### What to produce
Please copy exactly the line that contains "KLFC-18 - 24-Compartment" and every line after it through the end of the records, leaving the pictures out.

[Data for the task Boundary: Start]

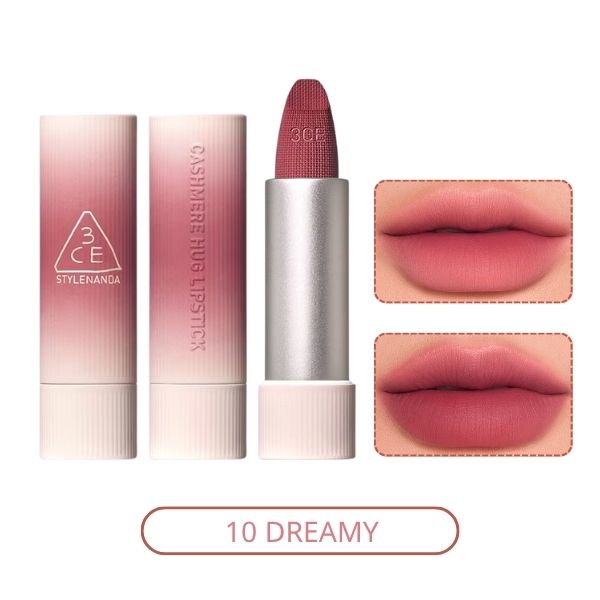 Son Thỏi Mịn Lì, Mềm Môi 3CE Cashmere Hug Lipstick 3.5g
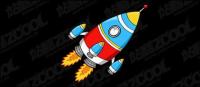 Cartoon style rocket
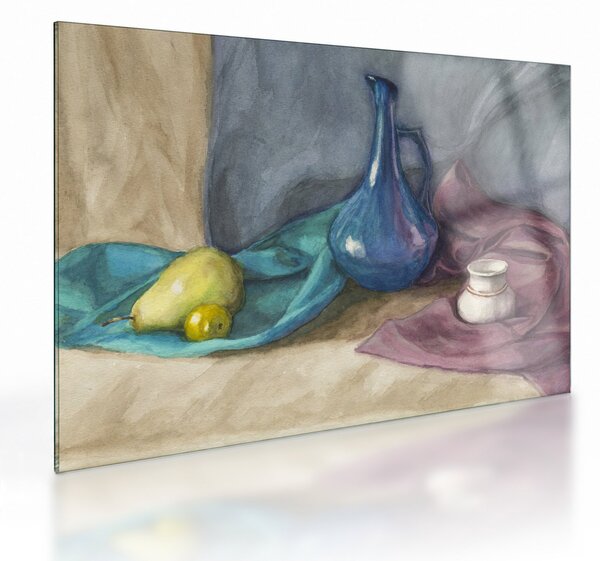 Sklenený obraz - Maľované zátišie (70x50 cm)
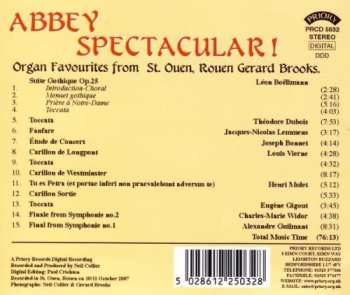 CD Gerard Brooks: Abbey Spectacular! (Organ Favourites From St. Ouen, Rouen)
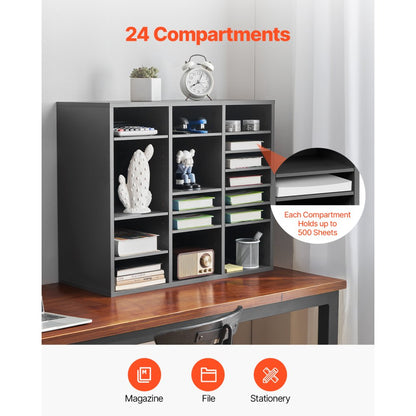 KLFC-18 - 24-Compartment Organizer for Office & Home, 9.2 x 11.1 Inches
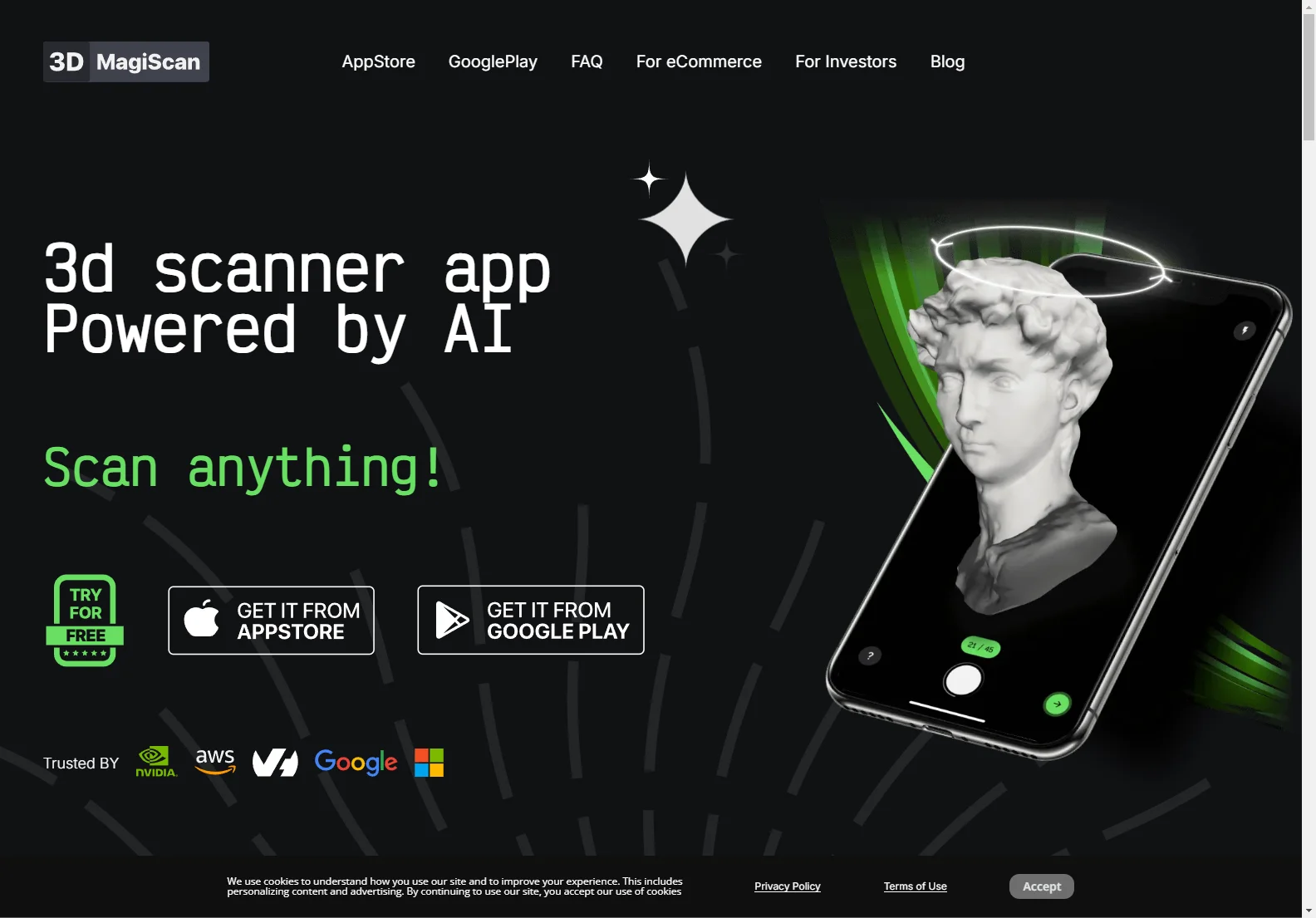 MagiScan: AI-Powered 3D Scanner App for iOS and Android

[Data for the task Boundary: End]

### Response box
 KLFC-18 - 24-Compartment Organizer for Office & Home, 9.2 x 11.1 Inches
 MagiScan: AI-Powered 3D Scanner App for iOS and Android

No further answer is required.